= Stadium Mustard =

American mustard brand

A bottle of Stadium Mustard shown as packaged for retail sale.

The Authentic Stadium Mustard (also known as "Stadium Mustard") is the trademarked name of a brown mustard popular in Northeast Ohio, particularly in Cleveland. The Authentic Stadium Mustard is sold at food retail stores and has been a concession item at over 150 stadiums and arenas throughout its history.

==History==
In 1969, David Dwoskin, a sales representative of Bertman's company in the northeast Ohio area, formed the Davis Food Company to make "The Brown Mustard" served at the Cleveland Municipal Stadium available for retail sales in supermarkets. In 1971, David Foods registered the name "The Authentic Stadium Mustard". In 1982, Davis Food Company obtained exclusive rights to sell to both wholesale and retail markets as well as stadiums, arenas and other venues. In the early 1980s there was a disagreement between Bertman and Dwoskin. Dwoskin produced the original mustard under the Stadium Mustard brand through his own company. The Bertman Family continues to sell its version of the mustard through its Bertman Foods Company.

Dwoskin told Cleveland.com that his mustard is served in 150 stadiums in the United States
including Huntington Bank Field and Rocket Arena.
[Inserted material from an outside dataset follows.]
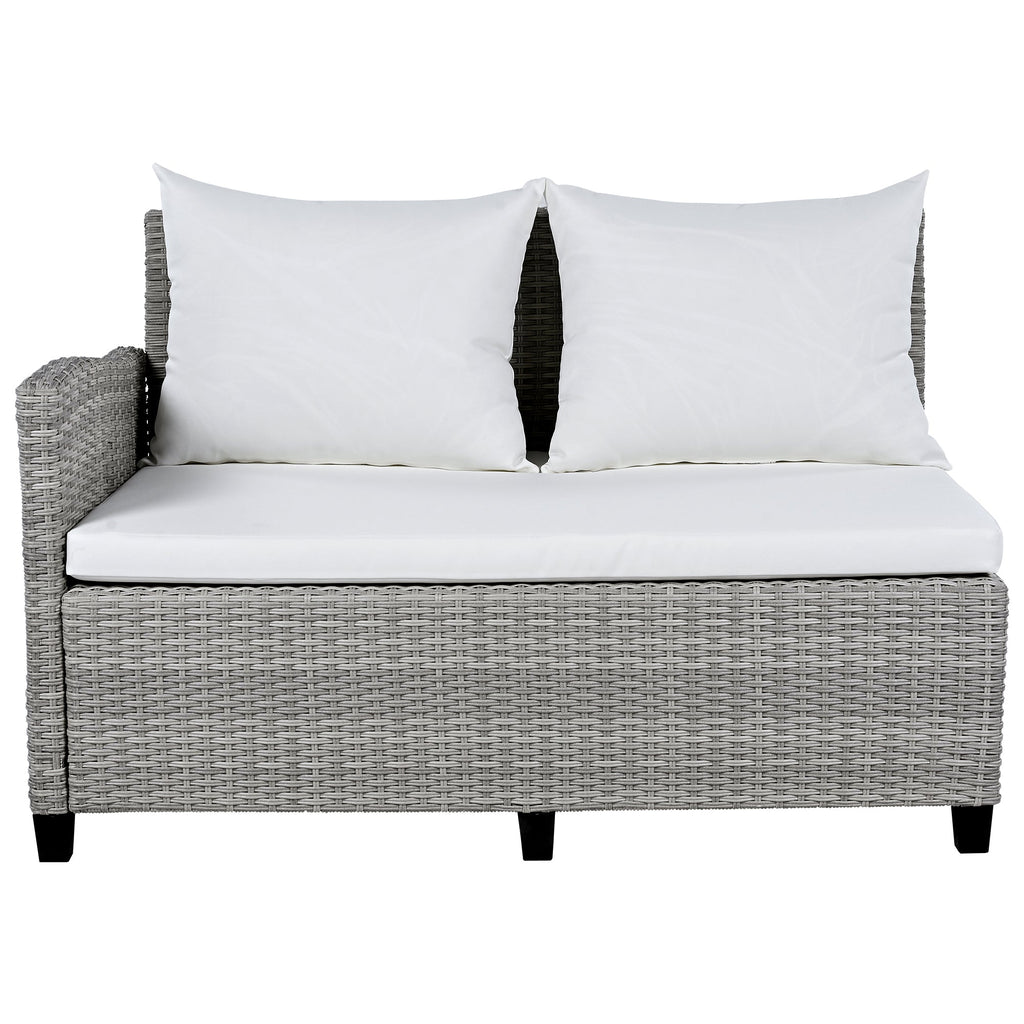 Outdoor Sectional Set PE Rattan Steel White 5 Piece Seats 7 Extendable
Both mustards are sold in grocery stores, specialty food shops, and online. A 2011 blind tasting revealed strong similarities between the two brands, with Bertman, which has some sugar in it, being a bit sweeter, and Stadium being a bit more spicy.

==Style==
Stadium Mustard is made with only brown mustard seed, has no preservatives, sugar, fat or fillers. It is a mildly spicy brown mustard more similar to European mustards than American deli-style brown mustards. Stadium Mustard is unique in that it is homogeneously brown in color, compared to traditional coarse-ground brown deli mustards, which are typically mottled in appearance and may feature both yellow and brown mustard seeds.